GhostWriter: Exploiting GPU-Cache Contention to Steal and Steer Multi-tenant Large-Language-Model Inference
摘要
Cloud providers routinely batch unrelated user prompts on shared Graphics Processing Units (GPUs) to amortize the escalating operational costs of large-language-model (LLM) inference. This paper demonstrates that such efficiency-driven optimizations introduce a potent microarchitectural side channel. We present GhostWriter, the first attack framework that (i) extracts private prompt tokens from co-located victims and (ii) covertly biases their generated text, all without requiring code execution privileges within the victim’s process or access to the LLM’s internal parameters.
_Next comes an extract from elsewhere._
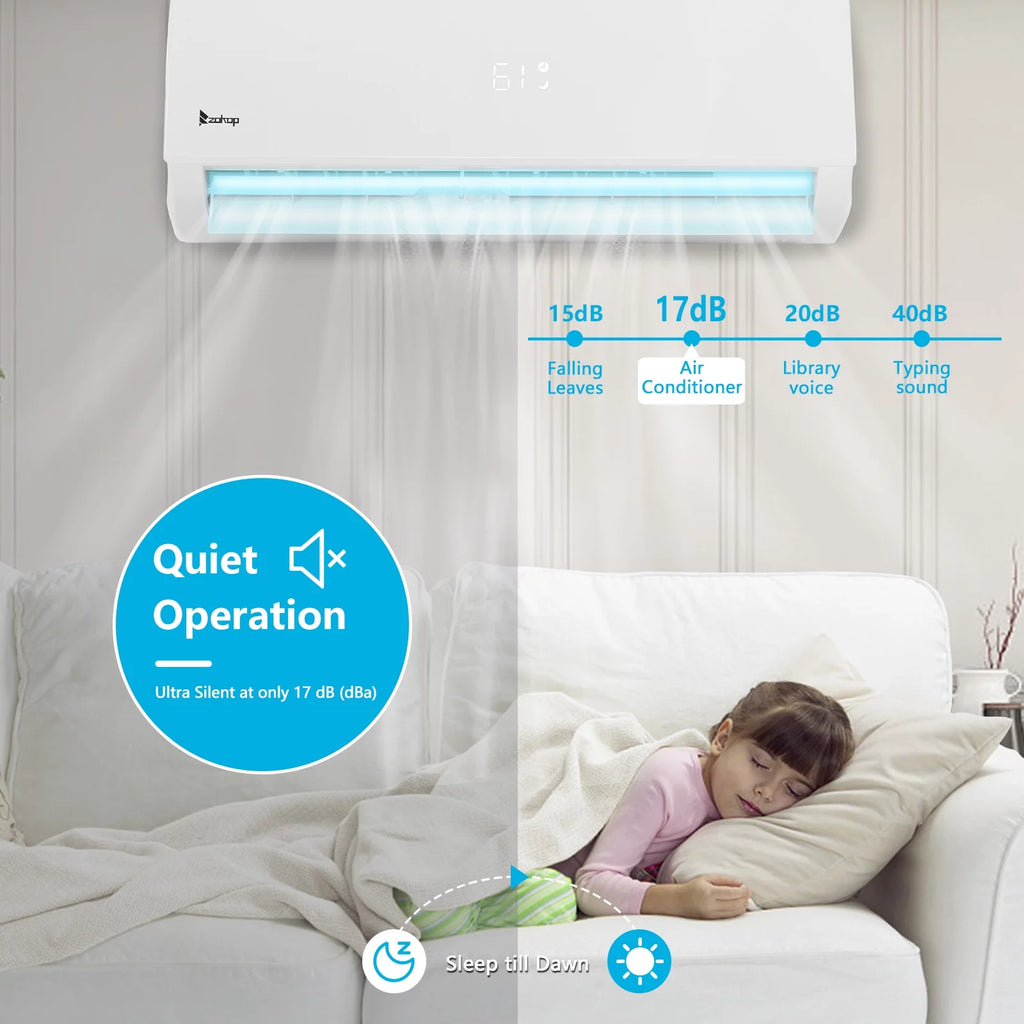 9000 BTU Wifi Enabled 19 Seer Mini Split Air Conditioner & Heater Q26113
The attack exploits a subtle phenomenon: the residency of key–value (KV) cache entries in the GPU’s L2 cache persists across batched tenants. This persistence manifests as minute, per-token latency skews—often only a few milliseconds—which, as we show, are statistically amplifiable. We formalize the threat model under realistic cloud deployment conditions and develop a robust statistical detector based on a frequentist z-test, which recovers target tokens with up to \(96.2\) % accuracy on a GPT-Neo-125M model. Furthermore, we introduce an adversarial cache pre-loading strategy capable of increasing victim perplexity by up to \(11\) % and flipping sentiment in \(42\) % of news-style generations. Our end-to-end evaluation spans contemporary NVIDIA T4, A100, and consumer-grade RTX 4090 GPUs, popular inference stacks (including Triton Inference Server, vLLM, and Hugging Face Text Generation Inference), and realistic cloud batch sizes, confirming cross-tenant leakage under default configurations.